STORED DATA →
^^^^^^^^

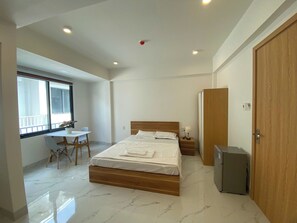 Deluxe Studio | Desk, free WiFi - Ha Nguyen's House (Hue)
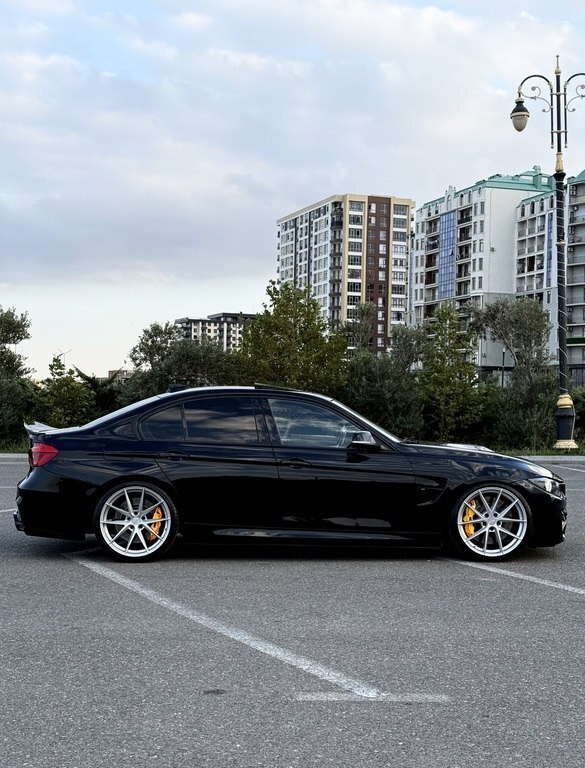 2015 BMW 328, 2.0L, 178000km - Image 6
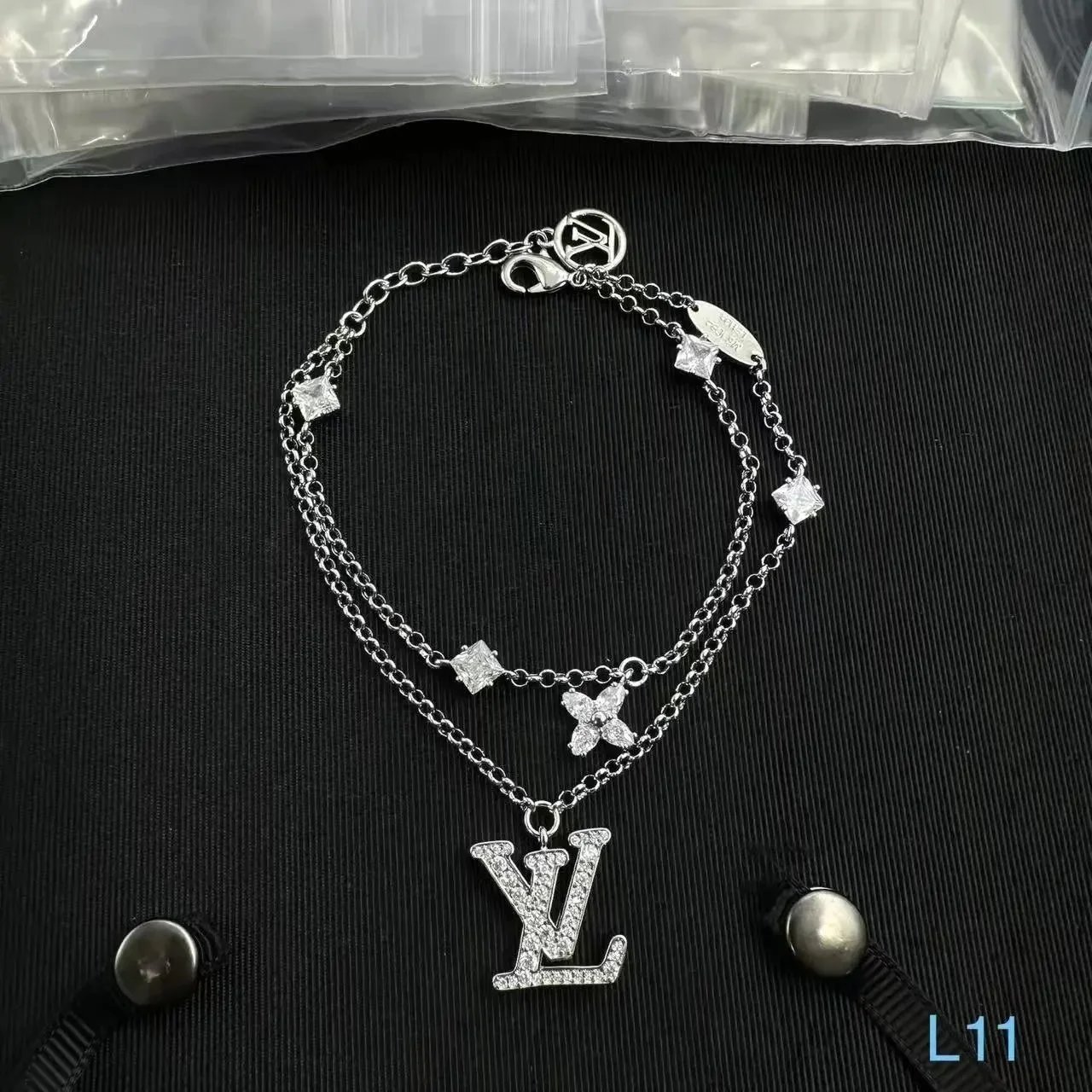 Unbranded Jewelry Floral Butterfly and Leaf Charm Necklace — Bracelet (L)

^^^^^^^^

Give back exactly the lines from the line with "2015 BMW 328, 2.0L, 178000km - Image 6" through the end of the material above, inclusive, with no pictures.

ANSWER →
 2015 BMW 328, 2.0L, 178000km - Image 6
 Unbranded Jewelry Floral Butterfly and Leaf Charm Necklace — Bracelet (L)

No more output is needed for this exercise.